In a Fox News interview with Harris Faulkner, he said he was upset with GM's plan to restructure its global business, including halting production at five facilities in North America and eliminating about 14,000 jobs.

Helashed out against Barra, calling her actions "nasty."

"To tell me a couple weeks before Christmas that she's going to close in Ohio and Michigan -- not acceptable to me," Trump said. "And she's either going to open fast or somebody else is going in. But General Motors is not going to be treated well."

GM said in a statement Thursday that the company is focused on "our employees currently working at our impacted plants in Maryland, Michigan and Ohio."

Trump's comments were only his latest in a string of highly unusual public attacks on the CEO of a major American corporation by a president.

GM has said it closed plants and laid off workers to better prepare for the future.

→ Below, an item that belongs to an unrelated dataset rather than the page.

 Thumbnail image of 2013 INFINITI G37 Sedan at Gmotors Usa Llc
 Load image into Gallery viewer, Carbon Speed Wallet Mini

The company wants to shift production from sedans, which have fallen out of favor with Americans, to SUVs and trucks. It also wants to save money for the expensive task of inventing self-driving car technology.

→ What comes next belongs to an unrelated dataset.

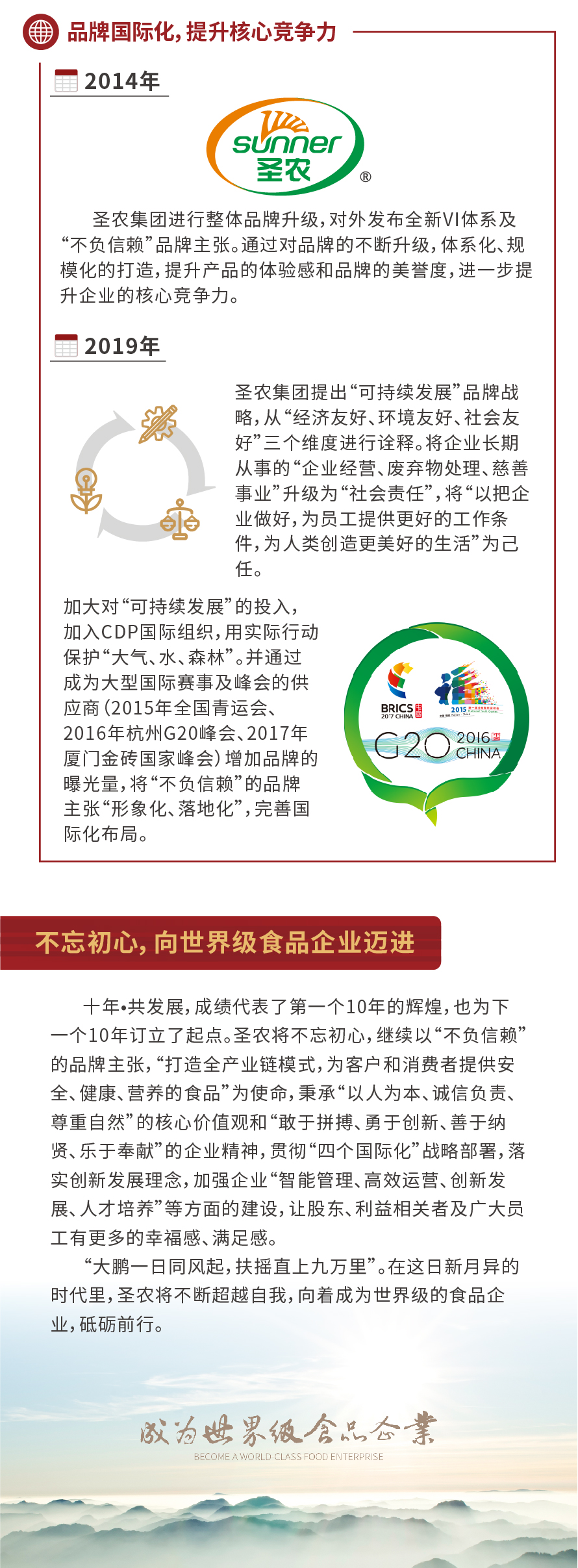 KS��ʱ��(�й���)�ٷ���վ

In a statement Thursday, GM said its "focus remains" on the employees at the plants that are closing, adding that hourly workers may be able to find jobs at other locations.

"We continue to produce great vehicles today for our customers while taking steps toward our vision of a world with zero crashes, zero emissions and zero congestion," the company said.

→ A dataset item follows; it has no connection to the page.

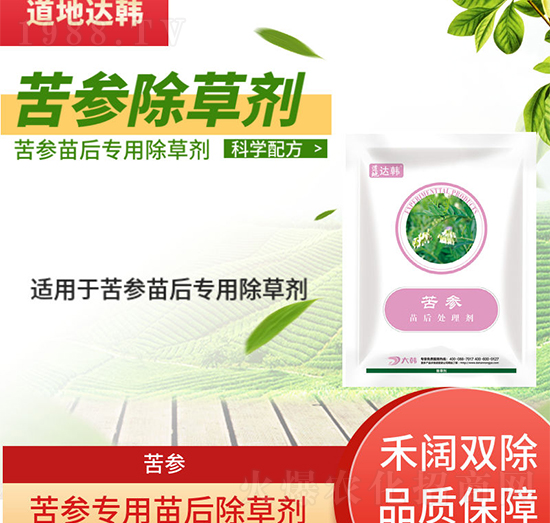 �������݄�-�������-��������-���n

Trump predicted Barra's actions to remake GM's business will fail.

"I think she's making a big mistake," Trump said. "They've changed the whole model of General Motors. ... I don't run a car company but all-electric is not going to work. It's wonderful to have it as a percentage of your cars but going into this model is not going to work."

Trump's claim that GM has plans to stop making gasoline-powered engines isn't quite true. GM does not currently plan to go "all-electric," as Trump suggested, but Trump may not be far off. Auto industry experts believe self-driving cars will one day replace virtually all human-driven cars -- and those cars will require electric batteries to power the cars' on-board technology.

He also claimed the new trade agreement between Canada, Mexico and the United States would make business difficult for GM. He criticized the company for making some of its vehicles and parts in Mexico, and he said the new USMCA agreement will remedy that.

"Now the new deal, the USMCA, that I made, really makes it very uncomfortable for people to go out of the country," Trump said. "And it will be very uncomfortable for them."

The USMCA will require companies to pay about the same minimum wage to their employees in each of the USMCA countries, effectively requiring GM to give its Mexican workers a raise. That could reduce some of the advantages of building vehicles in Mexico, although GM has no plans to bring back production to the United States.

Ultimately, Trump said, GM's job cuts won't hurt the US economy.

"It doesn't really matter because Ohio is under my leadership from a national standpoint," he said. "Ohio is going to replace those jobs in like two minutes."